In September, the bank accounts of several cryptocurrency firms in Singapore were closed.
This led to questions about the future of cryptocurrencies in the country. Indeed, the actions and rhetoric of key players have sent mixed messages, which further complicates things.
The banks involved were reluctant to explain their move, while authorities said they were reluctant to interfere. There was, however, some speculation that the bank account closures were related to anti-money laundering legislation.
Cryptocurrency traders in Singapore are not necessarily affected, as many have trading accounts overseas.
Many of the largest crypto exchanges are in the US, and traders tend to flock to the largest exchanges.

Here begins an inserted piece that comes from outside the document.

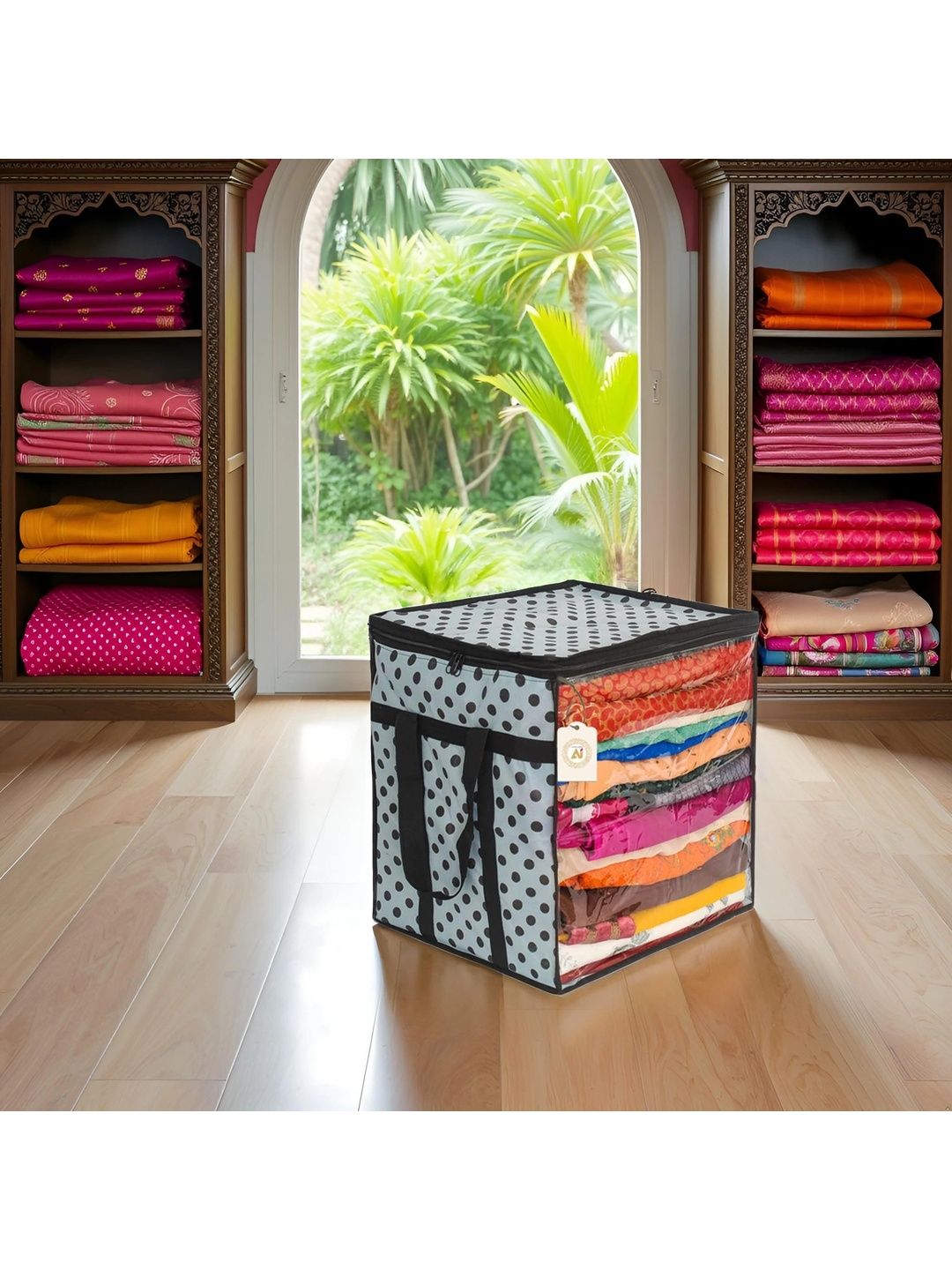 AMAK INC Black Set of 1 Reusable Multi-Utility Organisers-picture-21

In fact, you don’t even need to a Bitcoin wallet or an account on crypt exchange to trade Bitcoin. Retail traders can trade both Bitcoin and Ethereum by opening a forex trading account at brokers like IG.

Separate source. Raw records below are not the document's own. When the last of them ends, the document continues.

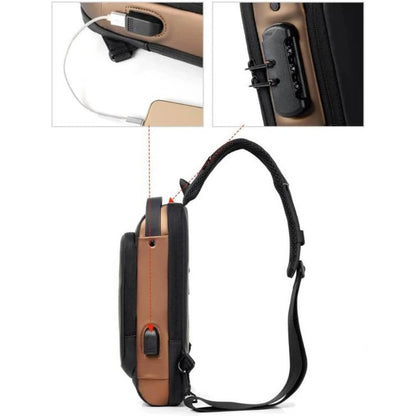 Herentas met antidiefstalbeveiliging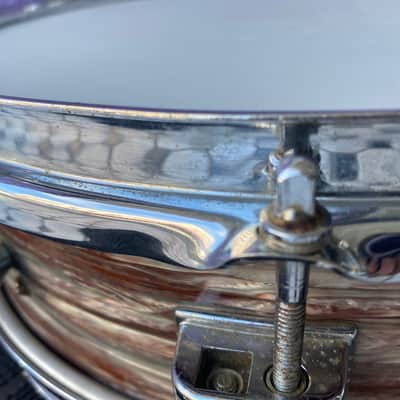 Ludwig- Jazz Combo 60s 3x13” Snare - Pink oyster image 6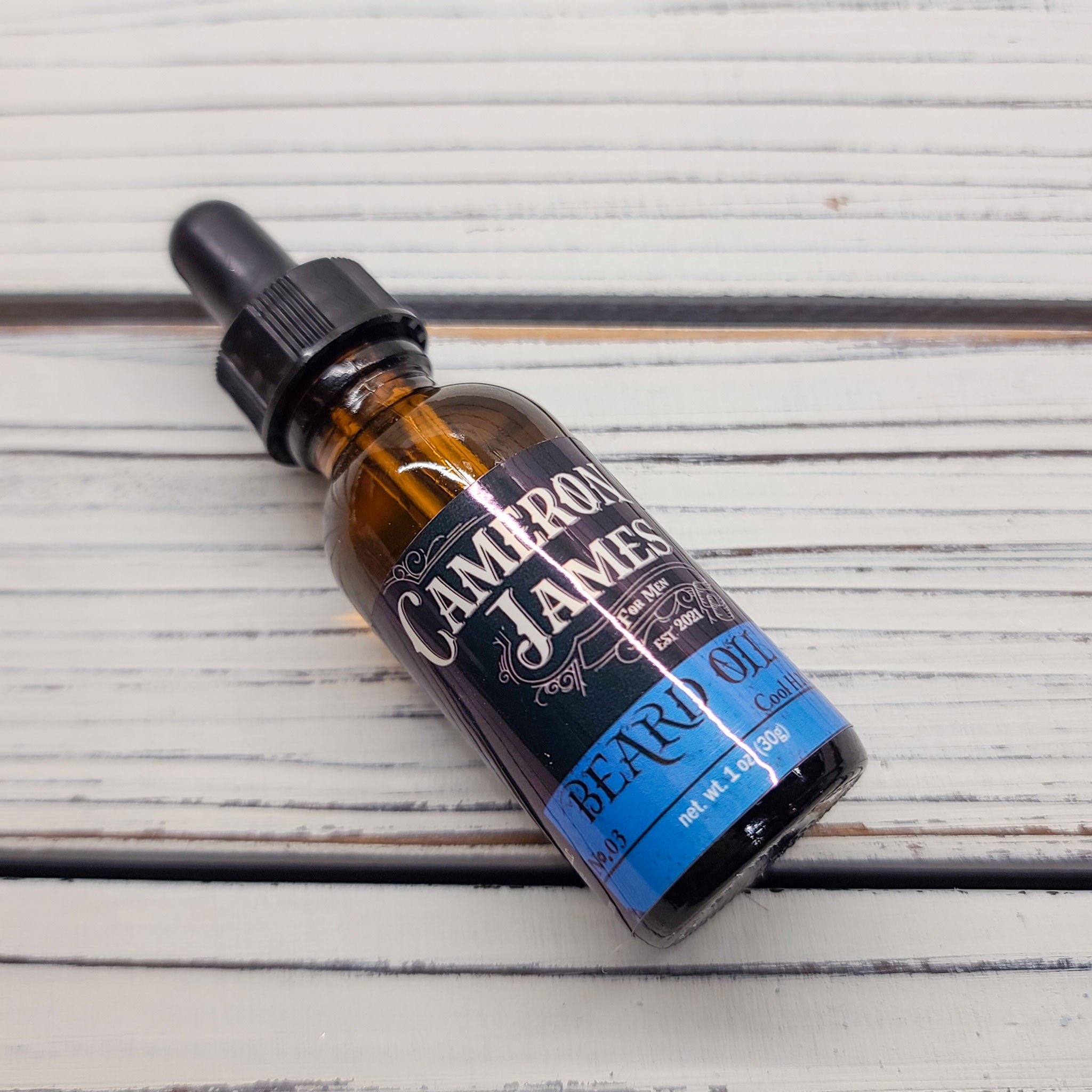 Beard Oil: No. 03 Cool H2O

Trading positions are held as CFDs (contracts for difference) which means the trader participates in the price move without actually owning the coins.
While some governments in Asia have cracked down on digital assets, most are quickly realising they may be missing an opportunity by taking a hard stance.
They have realised that the cryptocurrency movement may be unstoppable. And if that is indeed the case, they will need to embrace the movement. Not doing so means risking trade and investment going to the countries that do.
In Europe, Estonia has already expressed an interest in launching its own digital currency. Russia is also investigating a “Crypto Ruble”. In fact, Russia’s Minister of Communications recently said if they didn’t launch a digital currency, their neighbours would.
The Singapore Monetary Authority has stated that it may issue new rules to regulate cryptocurrencies.
Their main concern is money laundering and ICO scams. Regulating cryptocurrencies is easier said than done. The central premise of digital currencies is that they are anonymous and decentralized. And, the tougher the regulations are, the more chance there is that the industry will be driven underground.
They will, therefore, need to come up with regulations which all legitimate parties can agree to.
Another issue facing authorities is deciding what asset class Bitcoin falls under. Is it a currency, a commodity or an equity?
Digital assets have attributes of all three. A token represents an equity-like stake in a protocol, but it can also be used to transfer value like a currency and is scarce like a commodity.
It may make sense for governments to agree that Bitcoin belongs to a brand-new asset class and needs its own legal framework.
As a financial centre in Asia, Singapore is promoting itself as a Fintech hub. But if it wants to be the Fintech hub of Asia, it will have to lead the way in terms of blockchain technology and digital currencies too.
The opportunity for Singapore may lie in creating the right legal framework for crypto assets. If it can establish itself as the most trusted domicile for crypto businesses, investors will follow. And, of course, the entrepreneurs will follow the money.